■ WHAT YOU ARE ASKED TO DO ■
Each and every line below goes into your answer unchanged, but leave out the images.

■ INFORMATION SUPPLIED ■
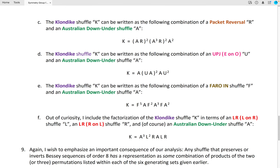The Klondike Shuffle K can be written as the following combination of a packet reversal and an Australian Down Under shuffle. The Klondike Shuffle K can also be written as the following combination of an even upjog, in which the even position cards are stacked on top of the odd position cards, along with the Australian Down Under shuffle.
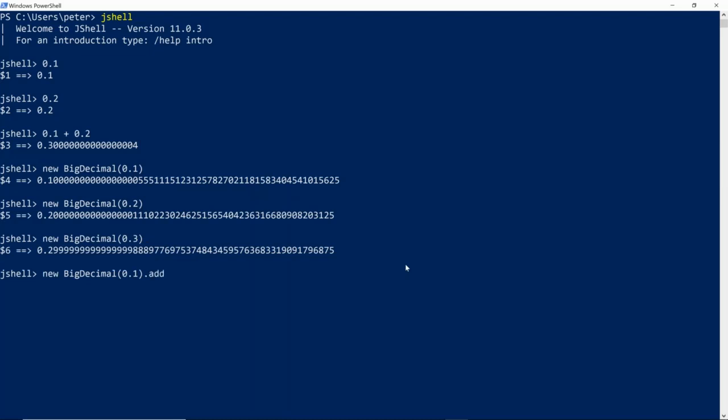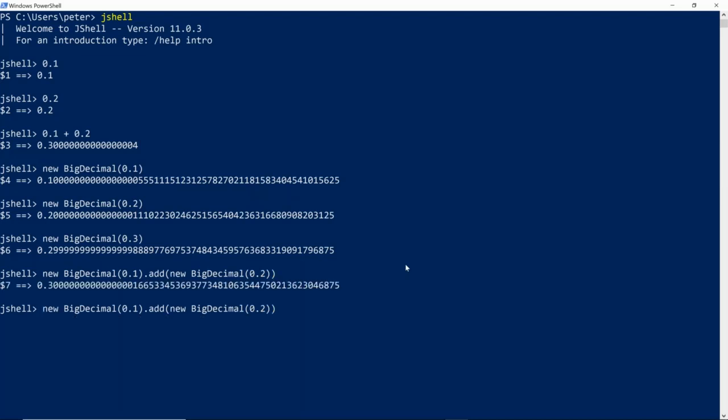So that when you add 0.1 and 0.2, you will get a number which becomes larger than 0.3 in representation.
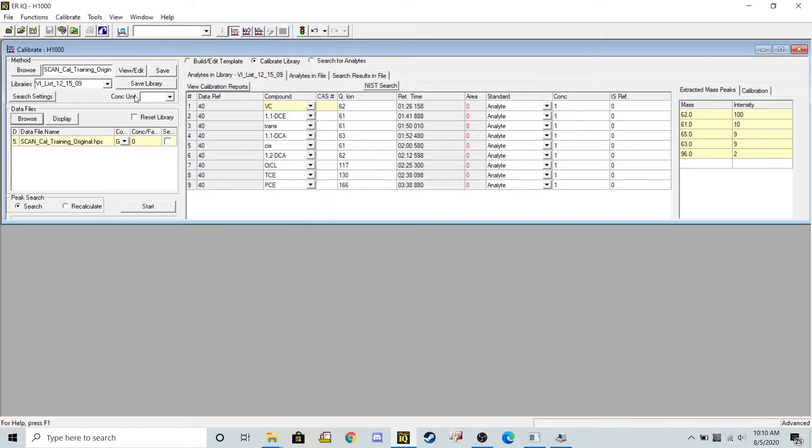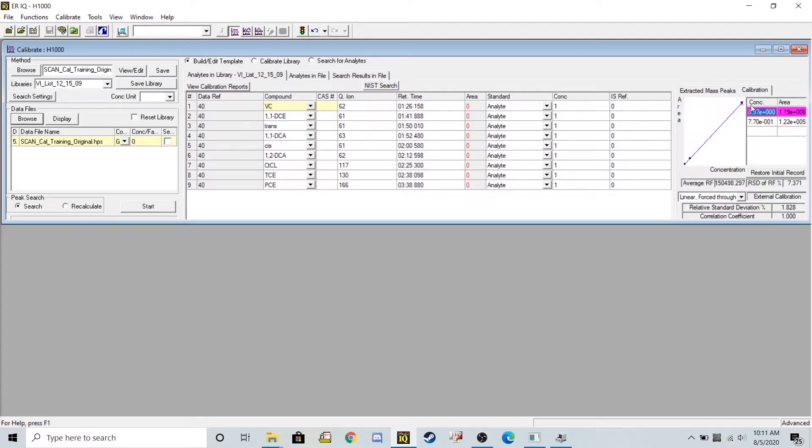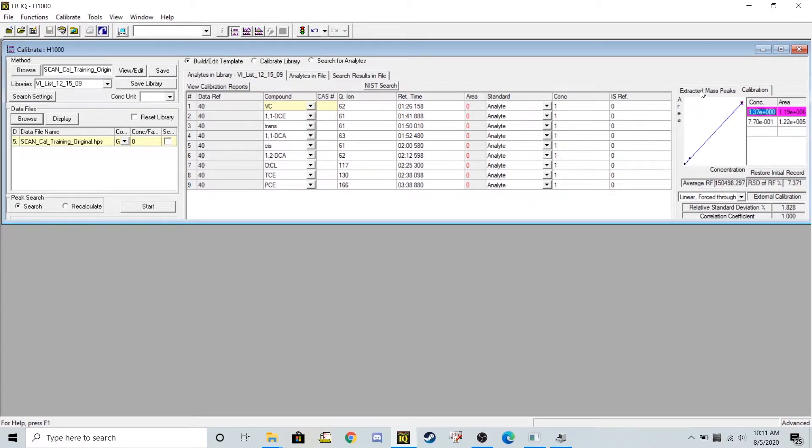I'm going to go ahead and put in a few different things. So I'm going to start with build edit template because I'm going to redo the calibration curve that already exists here to make my own brand new calibration curve for specific chemicals.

■ SOLUTION ■
The Klondike Shuffle K can be written as the following combination of a packet reversal and an Australian Down Under shuffle. The Klondike Shuffle K can also be written as the following combination of an even upjog, in which the even position cards are stacked on top of the odd position cards, along with the Australian Down Under shuffle.
So that when you add 0.1 and 0.2, you will get a number which becomes larger than 0.3 in representation.
I'm going to go ahead and put in a few different things. So I'm going to start with build edit template because I'm going to redo the calibration curve that already exists here to make my own brand new calibration curve for specific chemicals.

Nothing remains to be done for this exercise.